On a basic level, a polarized lens has a chemical film that reduces glare by filtering intense light that is reflected off of a flat surface. Sure. Ok. So, what does that mean?
It all starts with the sun and light. We need them; we love them; they’re great. Light waves emitted by the sun vibrate in many different directions. When light waves align on a single plane, they are polarized, and they are significantly intensified, producing distracting glare. This happens when the light waves reflect off of a flat surface like a road, a windshield, or a body of water.

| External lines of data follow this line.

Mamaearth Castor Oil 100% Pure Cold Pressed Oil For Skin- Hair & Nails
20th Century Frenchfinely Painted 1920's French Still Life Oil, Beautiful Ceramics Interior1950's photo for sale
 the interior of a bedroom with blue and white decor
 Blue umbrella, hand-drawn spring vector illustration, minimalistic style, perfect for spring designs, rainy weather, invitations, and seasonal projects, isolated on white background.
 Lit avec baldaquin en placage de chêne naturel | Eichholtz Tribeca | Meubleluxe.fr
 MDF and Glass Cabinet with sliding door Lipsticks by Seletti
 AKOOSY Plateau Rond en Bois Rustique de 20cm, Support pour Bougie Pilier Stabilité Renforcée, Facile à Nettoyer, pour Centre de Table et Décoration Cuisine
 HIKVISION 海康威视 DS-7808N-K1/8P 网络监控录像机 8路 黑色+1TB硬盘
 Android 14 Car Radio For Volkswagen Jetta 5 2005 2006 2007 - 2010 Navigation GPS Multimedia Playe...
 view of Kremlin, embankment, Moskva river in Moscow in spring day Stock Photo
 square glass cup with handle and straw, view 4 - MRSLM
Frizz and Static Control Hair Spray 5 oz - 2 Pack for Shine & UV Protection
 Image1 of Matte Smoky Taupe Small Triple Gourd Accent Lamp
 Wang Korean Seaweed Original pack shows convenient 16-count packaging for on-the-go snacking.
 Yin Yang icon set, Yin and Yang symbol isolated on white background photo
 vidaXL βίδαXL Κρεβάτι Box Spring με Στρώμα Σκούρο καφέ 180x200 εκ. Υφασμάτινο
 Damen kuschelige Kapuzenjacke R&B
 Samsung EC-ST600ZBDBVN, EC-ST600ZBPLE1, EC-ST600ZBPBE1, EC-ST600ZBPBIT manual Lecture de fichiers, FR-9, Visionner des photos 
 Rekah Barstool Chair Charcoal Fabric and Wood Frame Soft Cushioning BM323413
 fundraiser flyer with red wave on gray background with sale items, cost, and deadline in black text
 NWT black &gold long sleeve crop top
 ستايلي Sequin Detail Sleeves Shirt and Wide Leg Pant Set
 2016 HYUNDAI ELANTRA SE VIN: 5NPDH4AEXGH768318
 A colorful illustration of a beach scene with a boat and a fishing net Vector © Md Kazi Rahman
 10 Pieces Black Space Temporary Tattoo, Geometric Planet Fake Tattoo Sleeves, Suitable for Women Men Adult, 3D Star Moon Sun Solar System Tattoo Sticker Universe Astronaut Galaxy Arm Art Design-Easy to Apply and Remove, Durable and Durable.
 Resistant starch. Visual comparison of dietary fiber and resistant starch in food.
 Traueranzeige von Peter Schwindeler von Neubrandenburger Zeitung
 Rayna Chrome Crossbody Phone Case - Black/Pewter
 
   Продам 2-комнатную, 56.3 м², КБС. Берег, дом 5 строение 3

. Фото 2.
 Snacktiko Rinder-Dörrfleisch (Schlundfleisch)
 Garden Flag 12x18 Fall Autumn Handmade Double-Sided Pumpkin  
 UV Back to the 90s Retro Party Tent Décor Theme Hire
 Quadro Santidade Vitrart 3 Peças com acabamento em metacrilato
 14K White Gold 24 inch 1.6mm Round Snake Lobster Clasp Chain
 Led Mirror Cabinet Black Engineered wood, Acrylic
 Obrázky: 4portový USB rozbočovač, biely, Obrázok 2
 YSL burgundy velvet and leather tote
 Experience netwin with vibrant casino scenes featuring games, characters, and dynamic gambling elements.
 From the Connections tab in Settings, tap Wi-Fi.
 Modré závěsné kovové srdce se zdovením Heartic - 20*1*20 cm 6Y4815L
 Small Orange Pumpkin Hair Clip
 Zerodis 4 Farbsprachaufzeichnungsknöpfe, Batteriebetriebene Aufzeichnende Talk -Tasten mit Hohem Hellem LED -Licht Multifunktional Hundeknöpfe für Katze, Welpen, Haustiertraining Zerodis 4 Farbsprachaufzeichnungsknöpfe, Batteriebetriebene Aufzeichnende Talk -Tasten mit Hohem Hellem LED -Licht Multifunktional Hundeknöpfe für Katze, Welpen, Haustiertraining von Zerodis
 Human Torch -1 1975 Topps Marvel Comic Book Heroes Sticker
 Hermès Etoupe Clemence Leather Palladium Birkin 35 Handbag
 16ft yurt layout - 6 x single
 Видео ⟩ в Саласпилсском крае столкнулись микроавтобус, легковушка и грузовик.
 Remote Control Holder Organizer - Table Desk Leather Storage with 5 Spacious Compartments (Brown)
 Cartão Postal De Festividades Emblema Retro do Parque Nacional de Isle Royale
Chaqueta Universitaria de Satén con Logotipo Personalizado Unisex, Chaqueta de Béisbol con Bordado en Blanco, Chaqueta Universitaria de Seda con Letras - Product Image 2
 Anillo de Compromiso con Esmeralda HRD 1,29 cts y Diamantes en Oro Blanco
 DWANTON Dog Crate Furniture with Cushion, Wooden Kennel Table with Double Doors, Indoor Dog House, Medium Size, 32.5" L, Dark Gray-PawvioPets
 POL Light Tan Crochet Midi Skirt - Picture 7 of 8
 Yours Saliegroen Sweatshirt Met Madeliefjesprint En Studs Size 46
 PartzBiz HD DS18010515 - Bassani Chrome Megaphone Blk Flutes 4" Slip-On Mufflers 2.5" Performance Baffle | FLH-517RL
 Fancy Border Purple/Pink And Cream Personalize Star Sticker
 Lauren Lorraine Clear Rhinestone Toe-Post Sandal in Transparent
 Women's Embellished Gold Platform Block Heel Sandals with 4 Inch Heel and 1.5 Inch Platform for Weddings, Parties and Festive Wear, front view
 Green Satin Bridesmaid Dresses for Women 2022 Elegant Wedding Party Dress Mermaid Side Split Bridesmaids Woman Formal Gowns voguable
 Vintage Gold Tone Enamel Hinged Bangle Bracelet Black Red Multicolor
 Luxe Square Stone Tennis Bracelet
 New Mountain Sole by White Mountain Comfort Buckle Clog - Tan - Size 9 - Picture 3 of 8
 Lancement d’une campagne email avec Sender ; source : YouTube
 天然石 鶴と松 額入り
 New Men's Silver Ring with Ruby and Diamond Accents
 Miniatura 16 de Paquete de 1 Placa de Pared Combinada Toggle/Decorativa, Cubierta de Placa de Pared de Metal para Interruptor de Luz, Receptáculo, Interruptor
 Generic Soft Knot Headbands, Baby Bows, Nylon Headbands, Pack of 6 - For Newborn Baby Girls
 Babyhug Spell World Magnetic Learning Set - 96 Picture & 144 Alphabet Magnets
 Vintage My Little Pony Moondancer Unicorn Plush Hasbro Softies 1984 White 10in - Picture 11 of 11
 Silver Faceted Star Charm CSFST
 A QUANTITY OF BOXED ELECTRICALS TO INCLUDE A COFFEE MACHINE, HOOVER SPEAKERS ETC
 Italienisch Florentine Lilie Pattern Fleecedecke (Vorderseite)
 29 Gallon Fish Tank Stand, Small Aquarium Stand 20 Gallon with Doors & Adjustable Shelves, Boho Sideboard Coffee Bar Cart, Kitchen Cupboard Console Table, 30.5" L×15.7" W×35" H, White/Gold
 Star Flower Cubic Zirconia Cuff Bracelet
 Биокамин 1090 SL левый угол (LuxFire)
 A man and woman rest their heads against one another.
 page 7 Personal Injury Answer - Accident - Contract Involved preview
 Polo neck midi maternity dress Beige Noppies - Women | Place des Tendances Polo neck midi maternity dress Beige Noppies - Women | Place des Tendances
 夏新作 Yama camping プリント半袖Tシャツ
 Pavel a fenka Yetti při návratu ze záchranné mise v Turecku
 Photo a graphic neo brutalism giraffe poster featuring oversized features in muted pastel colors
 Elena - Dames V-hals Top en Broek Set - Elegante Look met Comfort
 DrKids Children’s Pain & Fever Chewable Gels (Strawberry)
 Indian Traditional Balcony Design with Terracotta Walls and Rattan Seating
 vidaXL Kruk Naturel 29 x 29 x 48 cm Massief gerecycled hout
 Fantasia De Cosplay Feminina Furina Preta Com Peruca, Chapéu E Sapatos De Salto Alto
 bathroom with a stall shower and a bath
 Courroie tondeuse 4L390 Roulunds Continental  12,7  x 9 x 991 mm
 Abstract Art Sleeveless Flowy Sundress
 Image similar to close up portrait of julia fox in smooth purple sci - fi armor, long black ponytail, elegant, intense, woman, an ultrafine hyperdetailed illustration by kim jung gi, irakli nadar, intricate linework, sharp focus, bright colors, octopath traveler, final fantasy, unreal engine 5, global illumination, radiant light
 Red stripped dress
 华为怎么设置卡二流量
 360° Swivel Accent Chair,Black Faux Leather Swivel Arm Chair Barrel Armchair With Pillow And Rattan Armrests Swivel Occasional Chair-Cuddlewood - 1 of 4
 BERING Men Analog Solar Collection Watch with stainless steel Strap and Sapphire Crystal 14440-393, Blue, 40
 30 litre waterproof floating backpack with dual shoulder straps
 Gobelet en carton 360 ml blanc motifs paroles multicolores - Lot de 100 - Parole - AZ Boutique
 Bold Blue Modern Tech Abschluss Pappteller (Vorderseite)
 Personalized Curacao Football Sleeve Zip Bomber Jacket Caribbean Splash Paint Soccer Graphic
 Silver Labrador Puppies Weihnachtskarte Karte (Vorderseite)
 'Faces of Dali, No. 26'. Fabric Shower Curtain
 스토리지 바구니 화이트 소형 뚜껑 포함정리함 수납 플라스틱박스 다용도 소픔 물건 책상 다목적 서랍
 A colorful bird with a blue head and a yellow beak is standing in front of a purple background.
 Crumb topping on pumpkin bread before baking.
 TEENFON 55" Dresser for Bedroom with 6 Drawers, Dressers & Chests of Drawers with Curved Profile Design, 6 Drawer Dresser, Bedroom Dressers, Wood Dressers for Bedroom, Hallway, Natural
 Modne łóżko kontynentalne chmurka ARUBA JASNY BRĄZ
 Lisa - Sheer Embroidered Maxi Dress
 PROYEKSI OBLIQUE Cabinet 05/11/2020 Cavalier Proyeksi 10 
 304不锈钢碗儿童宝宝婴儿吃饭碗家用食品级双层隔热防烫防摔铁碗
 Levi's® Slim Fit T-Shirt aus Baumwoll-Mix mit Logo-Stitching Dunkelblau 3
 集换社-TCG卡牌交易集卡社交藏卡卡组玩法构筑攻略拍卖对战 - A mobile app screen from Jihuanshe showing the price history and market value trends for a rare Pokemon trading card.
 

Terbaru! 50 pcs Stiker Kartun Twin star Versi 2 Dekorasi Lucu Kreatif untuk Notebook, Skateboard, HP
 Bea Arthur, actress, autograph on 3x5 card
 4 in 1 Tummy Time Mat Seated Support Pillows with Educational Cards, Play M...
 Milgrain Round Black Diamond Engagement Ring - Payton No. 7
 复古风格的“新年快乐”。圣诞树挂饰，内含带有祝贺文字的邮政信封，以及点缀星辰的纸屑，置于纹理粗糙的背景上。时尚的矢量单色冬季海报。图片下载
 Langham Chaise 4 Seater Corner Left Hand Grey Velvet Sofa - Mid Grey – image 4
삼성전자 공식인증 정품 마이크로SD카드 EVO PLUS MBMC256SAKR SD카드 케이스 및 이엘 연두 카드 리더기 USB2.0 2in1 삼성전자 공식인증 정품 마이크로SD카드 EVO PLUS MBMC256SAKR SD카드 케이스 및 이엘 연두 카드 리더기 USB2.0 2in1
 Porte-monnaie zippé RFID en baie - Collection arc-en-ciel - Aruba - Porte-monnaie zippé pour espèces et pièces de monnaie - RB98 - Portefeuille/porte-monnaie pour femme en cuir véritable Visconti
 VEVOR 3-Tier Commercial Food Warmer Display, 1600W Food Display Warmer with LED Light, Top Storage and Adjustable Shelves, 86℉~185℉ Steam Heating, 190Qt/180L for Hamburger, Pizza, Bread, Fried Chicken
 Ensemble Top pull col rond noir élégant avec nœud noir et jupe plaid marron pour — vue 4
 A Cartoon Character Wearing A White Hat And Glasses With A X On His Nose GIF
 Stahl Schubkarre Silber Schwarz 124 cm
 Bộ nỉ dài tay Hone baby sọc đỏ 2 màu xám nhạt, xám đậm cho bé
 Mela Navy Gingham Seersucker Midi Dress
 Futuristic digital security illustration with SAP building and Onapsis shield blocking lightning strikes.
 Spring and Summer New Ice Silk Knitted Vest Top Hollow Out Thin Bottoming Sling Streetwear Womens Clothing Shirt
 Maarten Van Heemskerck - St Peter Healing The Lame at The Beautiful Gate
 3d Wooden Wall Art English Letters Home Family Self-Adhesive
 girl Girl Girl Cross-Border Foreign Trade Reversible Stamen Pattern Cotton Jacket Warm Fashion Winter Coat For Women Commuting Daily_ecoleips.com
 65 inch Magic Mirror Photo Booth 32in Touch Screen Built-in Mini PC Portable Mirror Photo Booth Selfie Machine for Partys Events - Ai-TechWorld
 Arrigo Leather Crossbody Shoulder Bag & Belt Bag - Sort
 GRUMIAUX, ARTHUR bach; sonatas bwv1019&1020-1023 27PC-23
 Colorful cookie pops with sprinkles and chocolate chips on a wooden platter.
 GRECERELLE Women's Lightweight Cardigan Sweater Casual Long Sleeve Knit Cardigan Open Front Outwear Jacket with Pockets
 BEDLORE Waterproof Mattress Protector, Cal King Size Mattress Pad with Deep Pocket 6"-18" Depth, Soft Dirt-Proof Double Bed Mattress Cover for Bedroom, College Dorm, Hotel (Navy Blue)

The light waves align to match the surface angle of whatever they hit, so a horizontal surface like a lake will produce horizontally polarized light, causing intense glare that makes it impossible to see below the surface of the water.
Polarized lenses are coated with a harmless chemical film that contains molecules that align to filter out the horizontally polarized light so that you can see through the distracting glare.
So, are they really worth it? Boaters and anglers certainly think so, as polarized lenses enable them to see below the surface of the water. Some manufacturers like Costa Del Mar and Native Eyewear strive to develop and deliver some of the most innovative and effective polarized lenses on the market, appealing particularly to water sports enthusiasts. Polarized lenses are also helpful when driving and cycling in conditions that will likely produce horizontally polarized light and glare. In some cases, however, they are not necessary. Consider the type of glare you may encounter to determine whether or not you need polarized sunglasses.
I’m not a scientist, and I’m pretty sure I would have failed physics, if I’d ever bothered to take it. So, here are my sources:
“Polarization.” Light Waves and Color – Lesson 1 – How Do We Know Light Is a Wave? The Physics Classroom, 2016. Web. 16 Apr. 2016.
Tyson, Jeff. “How Sunglasses Work.” Science: Everyday Inventions. HowStuffWorks, 14 July 2000. Web. 15 Apr. 2016.